I have been one acquainted with a meeting at a conference table discussing with all due respect widgets or washers or gaskets. Oh my. There we were, grown men and women, discussing the minute details of some insignificant doo-hickey as if it were the second coming of the true revelation of surprise. But sadly I viewed the ceremonies through ironic glasses. And maybe that’s why I’m so intrigued by those industry journals where people take arcane aspects of some business so damned seriously. How do they do it? Like, say, speaking about pallets. Thanks to Evenings on the lake for this link to the History of the Forklift & Pallet. It hath given me inspiration.

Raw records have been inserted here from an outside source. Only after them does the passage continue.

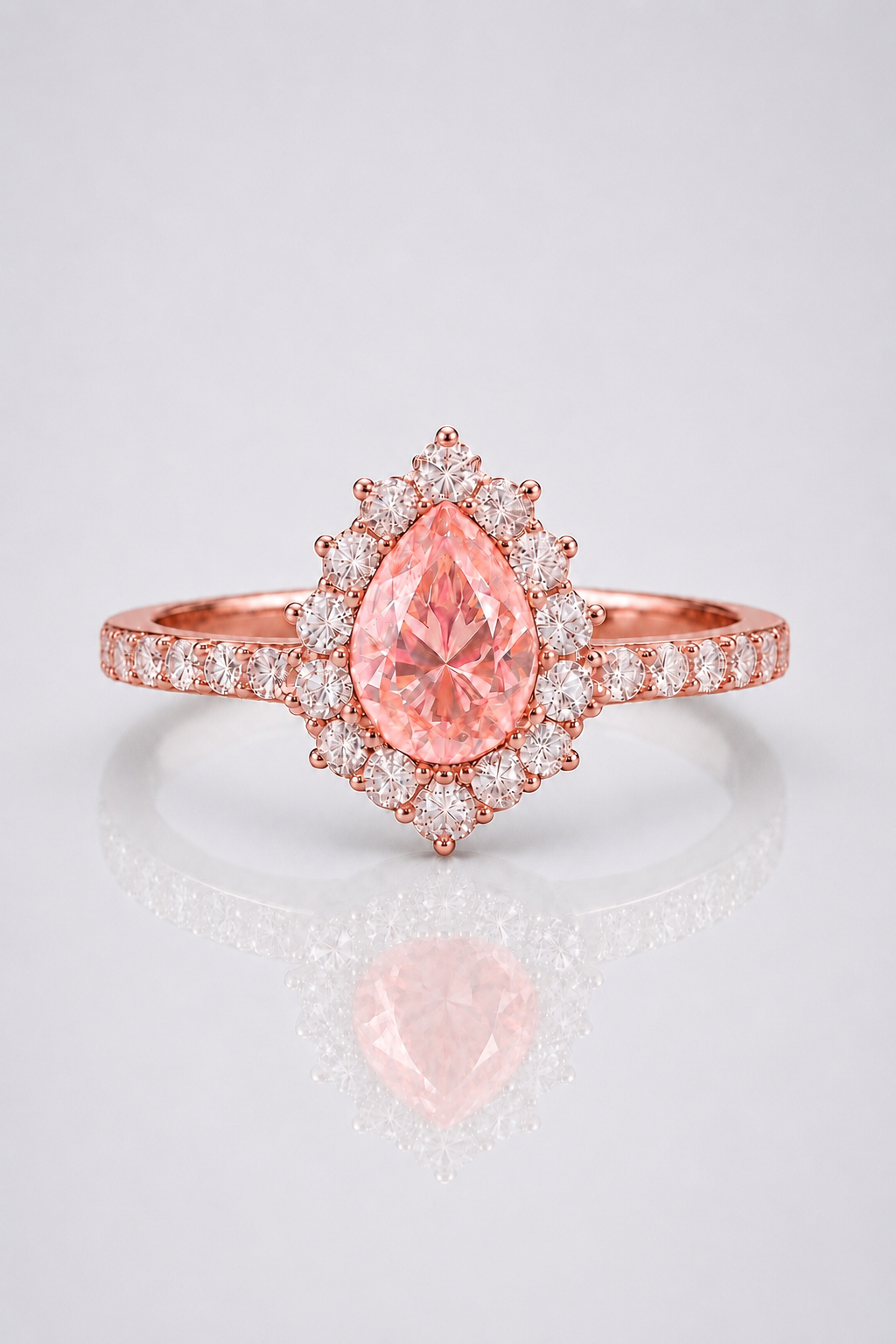 Natural Unheated Padparadscha Sapphire Diamond Halo Rose Gold Ring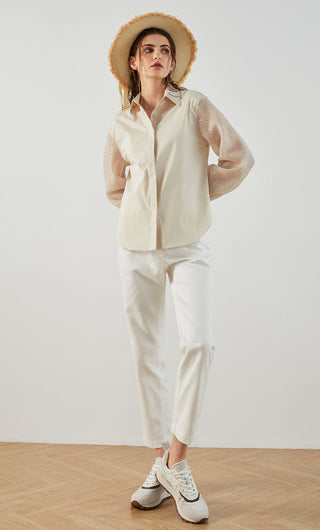 Apricot cotton-blend button-up shirt with sheer sleeves and point collar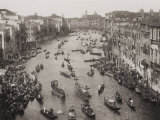 View from Above of the Grand Canal in Venice During a Historical Regatta Photographic Print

Ode to American Material Handling
They placed a bottom board
securely to some skid
creating for our trade
the pallet. We outdid
our distribution weight
with incommensurate
enhancements. Lift trucks rose
our storage space to heights
undreamed of in a world
of two by four uprights.
Three days became four hours
and low sad ceilings, towers,
through spans of Douglas fir.
O wondrous cosmos of
modern material
control, your loads we love—
you lift like Hercules
to send stuff overseas.
In Pallet Enterprise, Rick LeBlanc writes:
The addition of bottom boards on the skid, which appeared by 1925, resulted in the pallet. With the bottom deck, several problems common to the single faced skid were addressed. For example, the bottom boards provided better weight distribution and reduced product damage; they also provided better stacking strength and rigidity. Lift truck manufacturers promoted the idea of using more vertical area of a plant for stock storage. The telescopic lift and pneumatic tires of the lift truck, coupled with a short turning radius, now allowed them to be used in close quarters, on wooden floors in buildings with low ceilings.
There is something to be said about the cold rational eye of the historian. There but for the grace of their stamina and concentration, the history of these modern times would be lost forever, deleting for the world any future Iliads and Odyssies of the modern corporation.